5 Ways to Save Tax for Salaried Employees in India

12 Jul 2024 6 mins Tax Planning

5 Ways to Save Tax for Salaried Employees in India

Discover Top 5 ways to save tax for salaried employees in India in 2024. Learn tax-saving tips beyond Section 80C, 80D, 80E, 80G, 80GG, and 80TTA and maximize your income tax savings.

1. Utilize Section 80C Deductions

Section 80C of the Income Tax Act offers a range of deductions up to RS.1.5 lakh. Popular options include:

Employee Provident Fund (EPF):

Employee Provident Fund (EPF) is a savings scheme initiated by the government to help employees save a portion of their salary for post-retirement benefits. The EPF is managed by the Employees' Provident Fund Organisation (EPFO) and is mandatory for employees earning up to a certain salary threshold.

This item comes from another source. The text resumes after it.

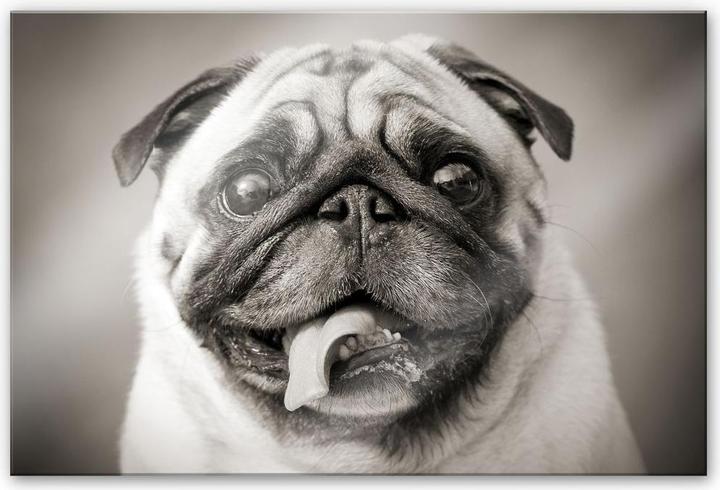 Actual product image Trenddeko Lovable pug (150 x 100 cm)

Public Provident Fund (PPF)

The Public Provident Fund (PPF) is a popular long-term investment scheme in India, backed by the government, offering attractive interest rates and tax benefits. It's designed to provide a secure retirement corpus while encouraging savings among citizens.

Life Insurance Premiums

Life insurance premiums are the payments made to an insurance company to keep a life insurance policy active. These payments ensure that the insurance company can provide the agreed-upon financial benefit to the policyholder's beneficiaries in the event of the policyholder's death. Understanding life insurance premiums is crucial for making informed decisions about financial protection for your loved ones.

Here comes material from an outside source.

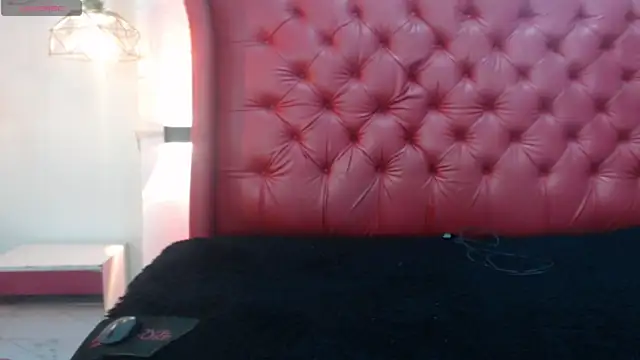 DominantBoy4 webcam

Equity-Linked Savings Scheme (ELSS)

An Equity-Linked Savings Scheme (ELSS) is a type of mutual fund that primarily invests in equity and equity-related instruments. It is known for its dual benefits of tax savings and potential for high returns, making it an attractive investment option for individuals looking to build wealth while reducing their tax liability.

2. Explore Section 80D for Health Insurance Premiums

Under Section 80D, you can claim deductions for health insurance premiums:

  • Self, Spouse, and Children: Up to Rs.25,000.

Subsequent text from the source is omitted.